WORK TO BE COMPLETED:
Where the line with "Compare D50 versus NEX-6 top" appears below, start writing out lines exactly, and finish with the line with "装飾用クッションとヴィンテージピンアップ女の子 クッション (正面)", which is included; write out nothing else.

____

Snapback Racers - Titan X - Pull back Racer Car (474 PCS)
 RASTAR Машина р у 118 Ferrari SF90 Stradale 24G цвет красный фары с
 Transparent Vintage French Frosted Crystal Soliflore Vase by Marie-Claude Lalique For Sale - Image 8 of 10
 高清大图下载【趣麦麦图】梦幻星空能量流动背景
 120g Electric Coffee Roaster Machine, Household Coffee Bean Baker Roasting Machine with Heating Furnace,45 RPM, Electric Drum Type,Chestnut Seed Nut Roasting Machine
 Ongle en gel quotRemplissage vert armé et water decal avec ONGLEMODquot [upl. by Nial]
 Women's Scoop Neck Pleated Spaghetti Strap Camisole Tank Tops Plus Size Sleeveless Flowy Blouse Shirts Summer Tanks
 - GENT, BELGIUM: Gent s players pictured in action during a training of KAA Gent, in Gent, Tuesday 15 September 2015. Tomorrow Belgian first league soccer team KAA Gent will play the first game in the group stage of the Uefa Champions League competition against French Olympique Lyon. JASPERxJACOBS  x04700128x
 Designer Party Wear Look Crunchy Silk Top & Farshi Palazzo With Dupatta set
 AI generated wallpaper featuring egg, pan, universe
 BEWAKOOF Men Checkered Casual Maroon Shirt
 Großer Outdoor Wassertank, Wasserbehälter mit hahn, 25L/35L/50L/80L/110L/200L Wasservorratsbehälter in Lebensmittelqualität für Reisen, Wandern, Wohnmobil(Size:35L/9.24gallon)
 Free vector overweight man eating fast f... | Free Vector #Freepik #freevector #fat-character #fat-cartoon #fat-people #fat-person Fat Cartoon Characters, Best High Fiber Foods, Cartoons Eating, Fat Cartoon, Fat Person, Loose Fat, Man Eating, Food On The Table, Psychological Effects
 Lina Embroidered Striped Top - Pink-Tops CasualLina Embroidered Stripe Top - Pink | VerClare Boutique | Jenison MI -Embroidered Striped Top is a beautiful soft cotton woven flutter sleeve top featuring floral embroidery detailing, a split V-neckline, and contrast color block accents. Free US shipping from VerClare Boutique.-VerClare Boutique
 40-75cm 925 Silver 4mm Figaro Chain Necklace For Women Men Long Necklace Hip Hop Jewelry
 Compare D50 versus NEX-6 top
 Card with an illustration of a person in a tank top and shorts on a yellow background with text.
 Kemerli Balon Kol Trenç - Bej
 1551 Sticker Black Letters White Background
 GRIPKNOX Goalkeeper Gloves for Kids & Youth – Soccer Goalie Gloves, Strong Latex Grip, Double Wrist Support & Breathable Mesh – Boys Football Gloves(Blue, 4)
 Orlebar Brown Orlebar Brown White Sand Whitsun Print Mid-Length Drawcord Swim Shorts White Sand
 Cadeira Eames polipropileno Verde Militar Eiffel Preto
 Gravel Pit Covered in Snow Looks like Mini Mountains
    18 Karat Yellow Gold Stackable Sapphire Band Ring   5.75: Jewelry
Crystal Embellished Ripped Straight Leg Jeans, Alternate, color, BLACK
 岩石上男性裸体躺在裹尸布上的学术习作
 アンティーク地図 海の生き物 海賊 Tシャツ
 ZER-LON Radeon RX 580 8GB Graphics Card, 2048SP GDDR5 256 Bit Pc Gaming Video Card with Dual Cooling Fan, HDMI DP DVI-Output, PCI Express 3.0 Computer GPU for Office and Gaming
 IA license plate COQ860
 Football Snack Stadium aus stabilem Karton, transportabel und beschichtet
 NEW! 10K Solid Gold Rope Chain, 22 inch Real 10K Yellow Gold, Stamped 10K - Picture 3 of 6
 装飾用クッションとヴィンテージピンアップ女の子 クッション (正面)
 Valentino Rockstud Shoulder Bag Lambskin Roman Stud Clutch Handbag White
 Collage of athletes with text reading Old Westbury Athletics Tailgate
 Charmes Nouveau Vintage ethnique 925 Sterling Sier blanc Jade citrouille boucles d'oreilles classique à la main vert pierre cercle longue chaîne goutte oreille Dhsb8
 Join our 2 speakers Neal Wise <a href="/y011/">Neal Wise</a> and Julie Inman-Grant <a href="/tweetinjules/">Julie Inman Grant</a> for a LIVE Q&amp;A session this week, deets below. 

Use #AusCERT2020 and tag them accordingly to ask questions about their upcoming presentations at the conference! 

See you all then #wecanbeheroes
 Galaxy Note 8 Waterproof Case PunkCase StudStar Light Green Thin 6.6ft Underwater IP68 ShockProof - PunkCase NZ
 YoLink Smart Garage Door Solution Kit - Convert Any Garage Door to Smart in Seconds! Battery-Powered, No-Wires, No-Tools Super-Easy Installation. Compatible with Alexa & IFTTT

____

RESULT BELOW:
 Compare D50 versus NEX-6 top
 Card with an illustration of a person in a tank top and shorts on a yellow background with text.
 Kemerli Balon Kol Trenç - Bej
 1551 Sticker Black Letters White Background
 GRIPKNOX Goalkeeper Gloves for Kids & Youth – Soccer Goalie Gloves, Strong Latex Grip, Double Wrist Support & Breathable Mesh – Boys Football Gloves(Blue, 4)
 Orlebar Brown Orlebar Brown White Sand Whitsun Print Mid-Length Drawcord Swim Shorts White Sand
 Cadeira Eames polipropileno Verde Militar Eiffel Preto
 Gravel Pit Covered in Snow Looks like Mini Mountains
    18 Karat Yellow Gold Stackable Sapphire Band Ring   5.75: Jewelry
Crystal Embellished Ripped Straight Leg Jeans, Alternate, color, BLACK
 岩石上男性裸体躺在裹尸布上的学术习作
 アンティーク地図 海の生き物 海賊 Tシャツ
 ZER-LON Radeon RX 580 8GB Graphics Card, 2048SP GDDR5 256 Bit Pc Gaming Video Card with Dual Cooling Fan, HDMI DP DVI-Output, PCI Express 3.0 Computer GPU for Office and Gaming
 IA license plate COQ860
 Football Snack Stadium aus stabilem Karton, transportabel und beschichtet
 NEW! 10K Solid Gold Rope Chain, 22 inch Real 10K Yellow Gold, Stamped 10K - Picture 3 of 6
 装飾用クッションとヴィンテージピンアップ女の子 クッション (正面)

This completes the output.